● **WHAT IS BEING ASKED**: For the word "featuring", work out how many lines in the records below contain it and state that count alone.

[Stored data]
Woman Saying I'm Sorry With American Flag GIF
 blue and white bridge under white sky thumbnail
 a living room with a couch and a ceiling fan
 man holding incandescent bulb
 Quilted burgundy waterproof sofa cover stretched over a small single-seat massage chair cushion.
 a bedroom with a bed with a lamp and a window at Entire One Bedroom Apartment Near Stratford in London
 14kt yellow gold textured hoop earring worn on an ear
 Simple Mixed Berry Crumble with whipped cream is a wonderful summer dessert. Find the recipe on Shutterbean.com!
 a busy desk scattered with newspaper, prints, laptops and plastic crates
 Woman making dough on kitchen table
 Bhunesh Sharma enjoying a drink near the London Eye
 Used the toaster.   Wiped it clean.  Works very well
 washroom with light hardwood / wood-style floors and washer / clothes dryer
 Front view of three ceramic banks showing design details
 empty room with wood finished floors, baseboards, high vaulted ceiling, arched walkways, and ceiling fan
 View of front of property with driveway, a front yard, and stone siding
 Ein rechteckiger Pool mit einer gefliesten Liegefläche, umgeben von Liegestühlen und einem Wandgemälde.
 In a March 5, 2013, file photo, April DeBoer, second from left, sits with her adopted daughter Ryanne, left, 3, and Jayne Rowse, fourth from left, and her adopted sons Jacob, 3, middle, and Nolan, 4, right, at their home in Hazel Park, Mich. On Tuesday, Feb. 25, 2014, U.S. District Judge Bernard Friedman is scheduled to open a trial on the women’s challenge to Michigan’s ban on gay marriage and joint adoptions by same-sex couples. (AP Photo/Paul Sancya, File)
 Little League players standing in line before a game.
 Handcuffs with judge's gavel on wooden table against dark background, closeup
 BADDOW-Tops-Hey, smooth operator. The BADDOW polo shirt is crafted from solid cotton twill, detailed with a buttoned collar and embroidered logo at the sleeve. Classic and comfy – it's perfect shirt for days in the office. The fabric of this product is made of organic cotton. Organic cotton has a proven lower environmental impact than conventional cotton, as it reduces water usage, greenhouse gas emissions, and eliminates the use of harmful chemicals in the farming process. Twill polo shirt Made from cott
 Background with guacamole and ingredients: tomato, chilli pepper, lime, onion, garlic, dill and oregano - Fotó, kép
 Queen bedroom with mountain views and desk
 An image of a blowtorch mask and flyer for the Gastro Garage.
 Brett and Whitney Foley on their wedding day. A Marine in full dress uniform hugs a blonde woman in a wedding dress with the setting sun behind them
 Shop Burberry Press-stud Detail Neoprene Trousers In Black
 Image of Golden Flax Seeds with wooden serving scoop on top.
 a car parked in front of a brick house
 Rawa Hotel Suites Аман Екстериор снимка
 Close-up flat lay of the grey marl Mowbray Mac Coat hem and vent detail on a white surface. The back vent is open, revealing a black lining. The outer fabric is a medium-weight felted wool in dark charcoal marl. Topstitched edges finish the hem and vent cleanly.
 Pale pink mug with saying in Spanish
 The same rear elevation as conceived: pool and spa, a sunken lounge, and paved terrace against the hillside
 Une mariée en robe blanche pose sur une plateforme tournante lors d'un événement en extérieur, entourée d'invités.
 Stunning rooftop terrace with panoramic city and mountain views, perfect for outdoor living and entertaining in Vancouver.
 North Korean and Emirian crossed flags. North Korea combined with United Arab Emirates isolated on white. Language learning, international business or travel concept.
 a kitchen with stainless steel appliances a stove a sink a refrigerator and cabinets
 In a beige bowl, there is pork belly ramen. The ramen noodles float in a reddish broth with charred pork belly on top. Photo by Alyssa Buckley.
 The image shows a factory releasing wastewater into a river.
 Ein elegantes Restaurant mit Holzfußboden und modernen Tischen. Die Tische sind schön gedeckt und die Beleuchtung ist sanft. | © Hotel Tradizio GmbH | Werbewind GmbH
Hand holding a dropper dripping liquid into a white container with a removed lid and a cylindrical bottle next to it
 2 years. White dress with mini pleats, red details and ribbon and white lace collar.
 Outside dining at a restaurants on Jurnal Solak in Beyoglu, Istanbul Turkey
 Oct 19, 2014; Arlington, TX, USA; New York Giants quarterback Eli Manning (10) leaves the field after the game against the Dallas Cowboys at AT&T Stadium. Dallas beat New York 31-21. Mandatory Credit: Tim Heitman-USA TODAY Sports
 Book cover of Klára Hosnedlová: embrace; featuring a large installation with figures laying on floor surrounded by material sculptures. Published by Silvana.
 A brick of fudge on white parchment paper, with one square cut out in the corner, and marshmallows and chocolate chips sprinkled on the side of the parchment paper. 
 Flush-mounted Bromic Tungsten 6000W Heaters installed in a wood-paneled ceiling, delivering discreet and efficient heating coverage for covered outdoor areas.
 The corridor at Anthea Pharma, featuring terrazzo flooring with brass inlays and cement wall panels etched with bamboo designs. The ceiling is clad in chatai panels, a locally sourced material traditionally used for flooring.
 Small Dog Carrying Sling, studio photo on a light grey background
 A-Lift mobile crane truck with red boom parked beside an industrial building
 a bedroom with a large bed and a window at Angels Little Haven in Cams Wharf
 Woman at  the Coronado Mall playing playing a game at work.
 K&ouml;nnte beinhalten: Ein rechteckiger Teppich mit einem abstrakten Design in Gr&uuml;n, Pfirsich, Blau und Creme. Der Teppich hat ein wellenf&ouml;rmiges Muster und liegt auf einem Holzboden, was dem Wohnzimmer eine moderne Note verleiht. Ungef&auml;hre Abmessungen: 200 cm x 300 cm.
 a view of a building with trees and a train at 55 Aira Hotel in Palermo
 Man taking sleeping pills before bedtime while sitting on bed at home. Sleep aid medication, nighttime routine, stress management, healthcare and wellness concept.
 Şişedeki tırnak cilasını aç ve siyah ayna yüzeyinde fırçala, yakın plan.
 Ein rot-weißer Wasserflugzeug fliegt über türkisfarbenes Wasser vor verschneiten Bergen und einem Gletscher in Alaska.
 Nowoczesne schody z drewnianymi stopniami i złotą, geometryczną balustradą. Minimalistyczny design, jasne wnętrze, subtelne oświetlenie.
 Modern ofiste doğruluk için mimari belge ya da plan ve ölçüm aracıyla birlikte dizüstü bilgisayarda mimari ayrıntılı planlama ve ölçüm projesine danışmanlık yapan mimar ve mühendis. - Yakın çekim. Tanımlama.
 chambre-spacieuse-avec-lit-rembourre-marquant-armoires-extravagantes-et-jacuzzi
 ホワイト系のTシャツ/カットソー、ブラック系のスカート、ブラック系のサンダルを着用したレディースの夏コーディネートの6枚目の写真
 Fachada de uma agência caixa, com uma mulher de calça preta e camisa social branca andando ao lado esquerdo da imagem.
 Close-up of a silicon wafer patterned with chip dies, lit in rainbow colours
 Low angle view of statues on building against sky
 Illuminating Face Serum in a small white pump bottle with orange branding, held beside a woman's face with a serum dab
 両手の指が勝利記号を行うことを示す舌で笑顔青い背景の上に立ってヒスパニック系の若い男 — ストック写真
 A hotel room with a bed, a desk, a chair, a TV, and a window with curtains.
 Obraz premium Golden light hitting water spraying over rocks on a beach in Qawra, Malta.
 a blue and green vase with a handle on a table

● **EXERCISE OUTPUT**: 2